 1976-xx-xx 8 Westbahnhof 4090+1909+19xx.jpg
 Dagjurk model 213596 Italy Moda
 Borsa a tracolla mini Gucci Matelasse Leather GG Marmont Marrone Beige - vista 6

==

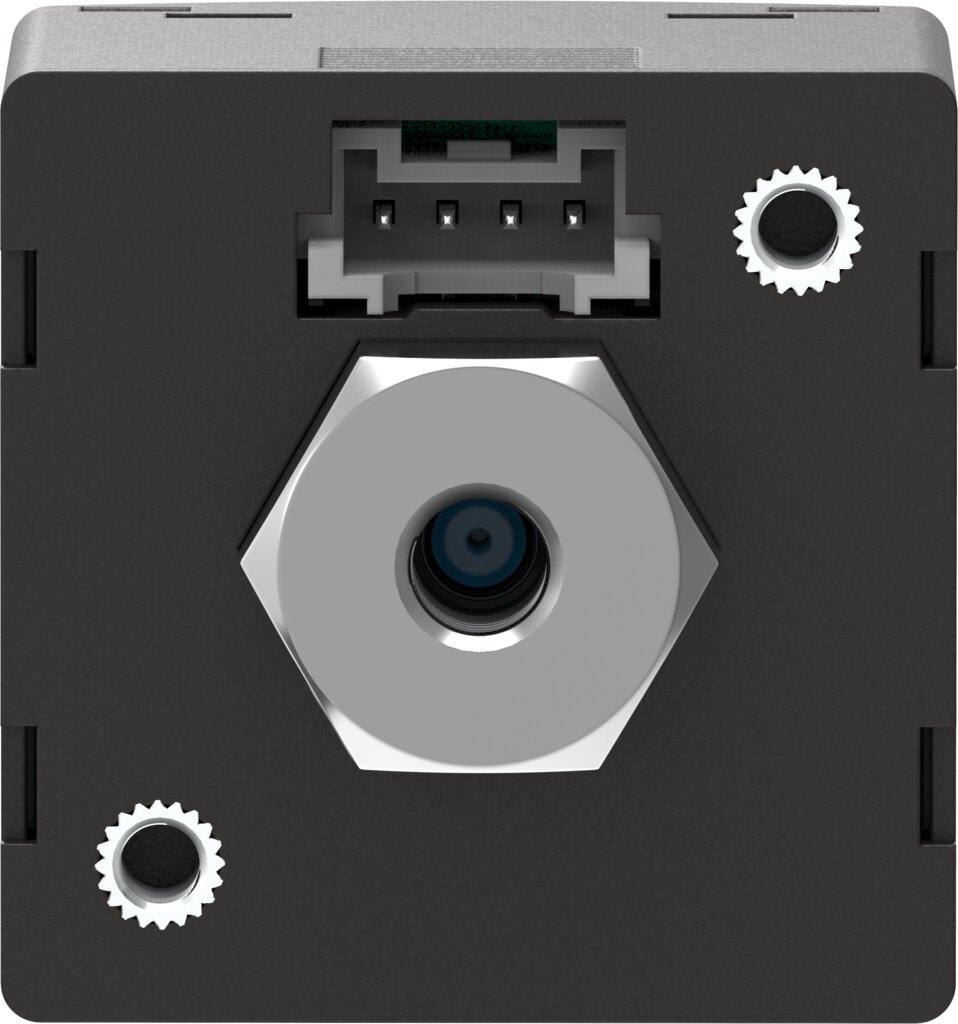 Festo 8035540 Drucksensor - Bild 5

...

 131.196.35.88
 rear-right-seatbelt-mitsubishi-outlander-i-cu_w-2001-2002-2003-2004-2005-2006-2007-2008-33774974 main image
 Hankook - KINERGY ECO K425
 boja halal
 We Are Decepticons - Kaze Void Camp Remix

*Task brief*. From the listing above, the lines starting with the one that has "131.196.35.88" and running through the one that has "We Are Decepticons - Kaze Void Camp Remix" should be copied exactly, ends included.

*Solution for this problem*.
 131.196.35.88
 rear-right-seatbelt-mitsubishi-outlander-i-cu_w-2001-2002-2003-2004-2005-2006-2007-2008-33774974 main image
 Hankook - KINERGY ECO K425
 boja halal
 We Are Decepticons - Kaze Void Camp Remix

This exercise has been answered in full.